In 1971, May Day spilled over into the rest of the month and remains a largely ignored part of American history.  On May 3, 1971, after nearly two weeks of intense antiwar protest in Washington, DC (ranging from a half-million-person march to large-scale sit-ins outside the Selective Service, Justice Department, and other government agencies) some 25,000 young people set out to do something brash and extraordinary: disrupt the basic functioning of the federal government through nonviolent action. They called themselves the Mayday Tribe, and their slogan was as succinct as it was ambitious: “If the government won’t stop the war, we’ll stop the government.”.   The Nixon administration was not happy (Nixon’s White House chief of staff, H.R. Haldeman, called it “potentially a real threat”).  An elaborate tactical manual distributed in advance detailed twenty-one key bridges and traffic circles for protesters to block.   Welcomed to join in the Mayday Tribe protest (and even encouraged and thanked) were thousands of gays.  That men would openly admit they were homosexuals and even protest was something new.  

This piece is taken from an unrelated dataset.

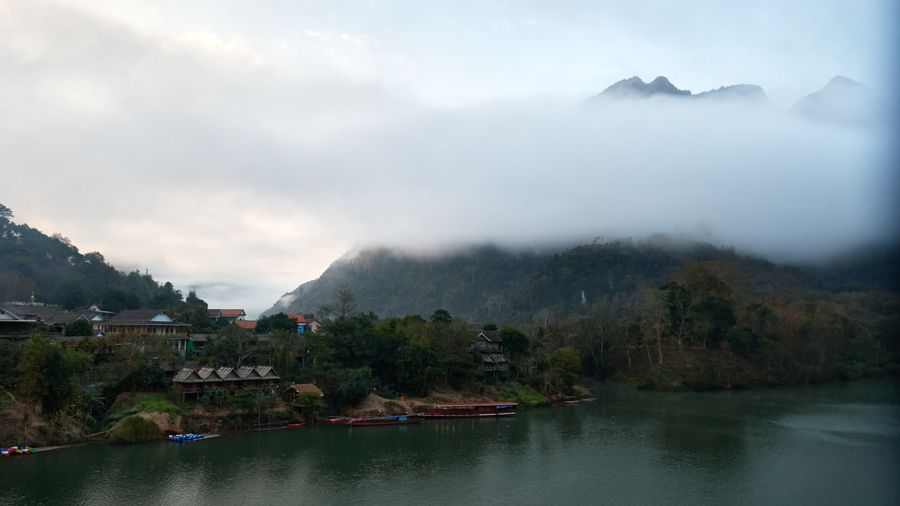 Mist rising over the river and mountains near Nong Khiaw, part of Laos's dispersed geography behind why a free Laos dating site needs a countrywide search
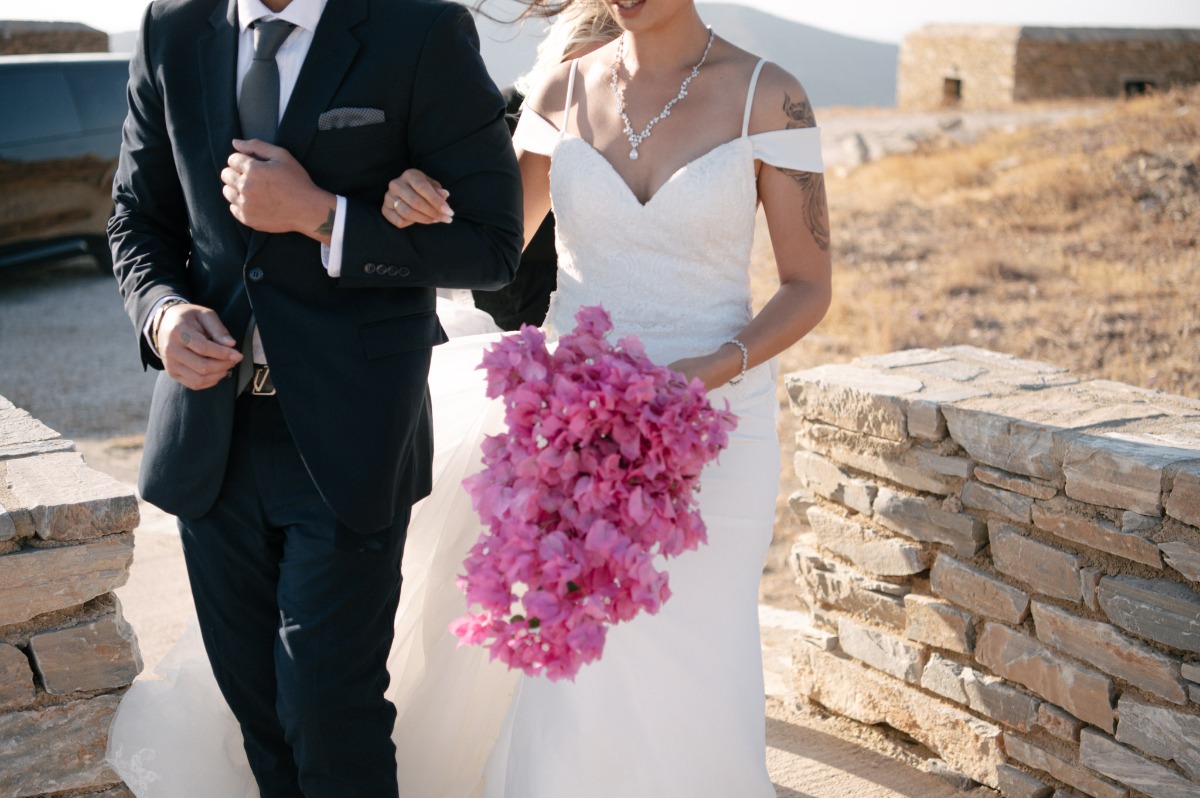 bride walking at Greece ceremony site, theater of Odysseus Elytis with bougainvillea bouquet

Under direct presidential orders, Attorney General John Mitchell mobilized the National Guard and thousands of troops from the Army and the Marines to join the Washington, DC police in rounding up everyone suspected of participating in the protest. As one protester noted, “Anyone and everyone who looked at all freaky was scooped up off the street.” Gay men were targeted in some instances.  One gay man recalled being trapped as a group of angry men circled around him:  "I was punched and hit and felt blood run down my face.  They called me a faggot and I fell to the ground feeling kicks to my body."  A staggering number of people— more than 7,000—were locked up before the day was over, in what remains one of the largest mass arrests in US history. 
The connection between gay acceptance and rights and spring and May Day sort of fell apart for a decade or more (that darn AIDS epidemic may have played a part) but it returned with a vengeance in the following new century.  Folks with an agenda about discrimination and injustice have always found friends in the gay community. 

In recent years, Russian gay-rights activists were arrested for demonstrating during a May Day parade in St. Petersburg, even while while a neo-Nazi group reportedly participated in the event without incident.  In 2017, cities around the world are forced to deal with social unrest and that includes gay rights.